Image-text web data
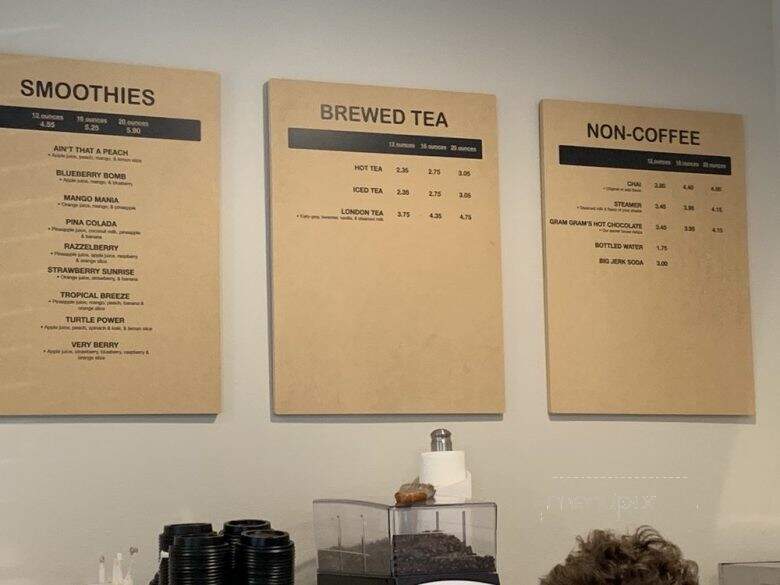 Perfect Blend Coffee Company - Navarre, FL menu_pic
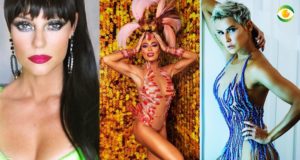 Paolla Oliveira, Deborah Secco, Juliana Paes divas do Carnaval (Foto: Montagem/TV Foco)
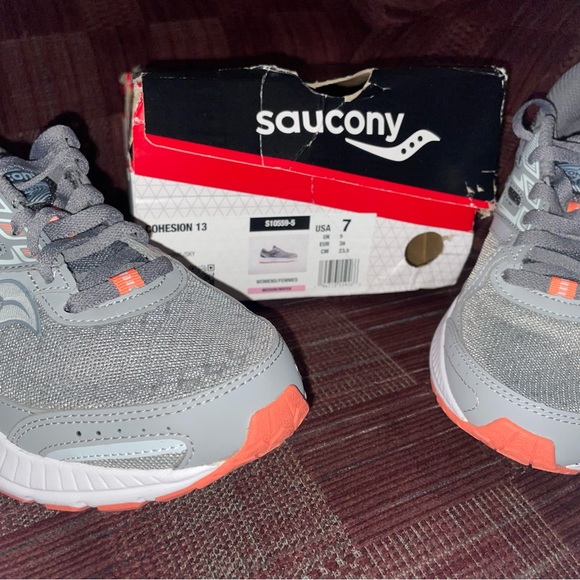 Sacouny Cohesion 13 Running/Walking shoes - Picture 2 of 8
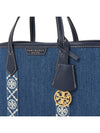 Perry denim tote bag 154619 426 - TORY BURCH - BALAAN 7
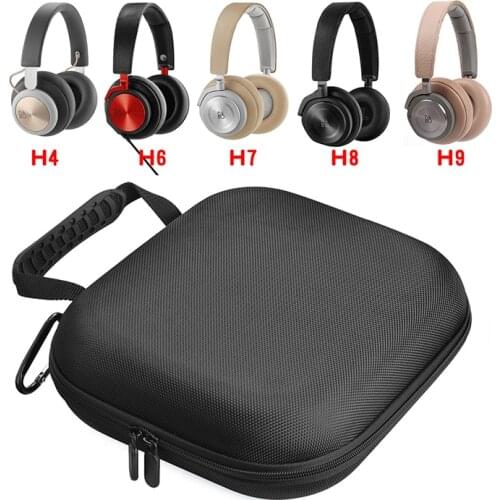 Portable Headphone Case for B&O BeoPlay H4 H6 H7 H8 H9 for JBL E45BT Headphones Headset Earphone Cover Box Hard Bag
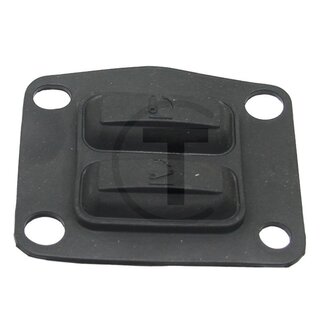 GRANIT Rubber drukelement links voor hefbediening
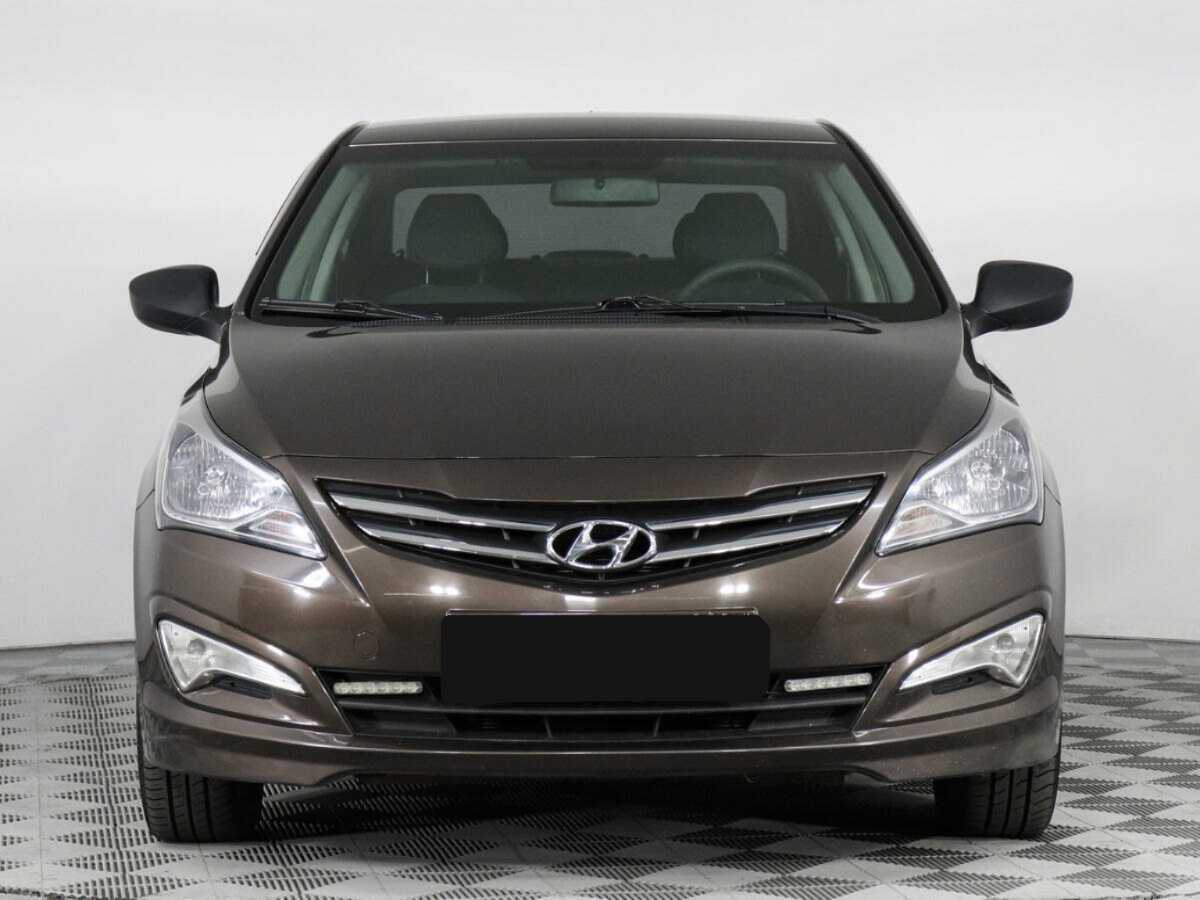 Hyundai Solaris б/у, 2016, Механическая. Фото: #1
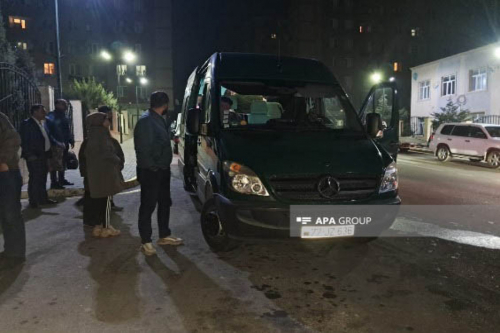 Xocalı şəhərinə və Cəbrayıl rayonunun Horovlu kəndinə növbəti köç karvanları yola salınıb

WHAT NEEDS TO BE DONE.
Please transcribe exactly the line containing "GRANIT Rubber drukelement" and every later line through the end of the records above, omitting pictures.

THE COMPLETED TASK.
 GRANIT Rubber drukelement links voor hefbediening
 Hyundai Solaris б/у, 2016, Механическая. Фото: #1
 Xocalı şəhərinə və Cəbrayıl rayonunun Horovlu kəndinə növbəti köç karvanları yola salınıb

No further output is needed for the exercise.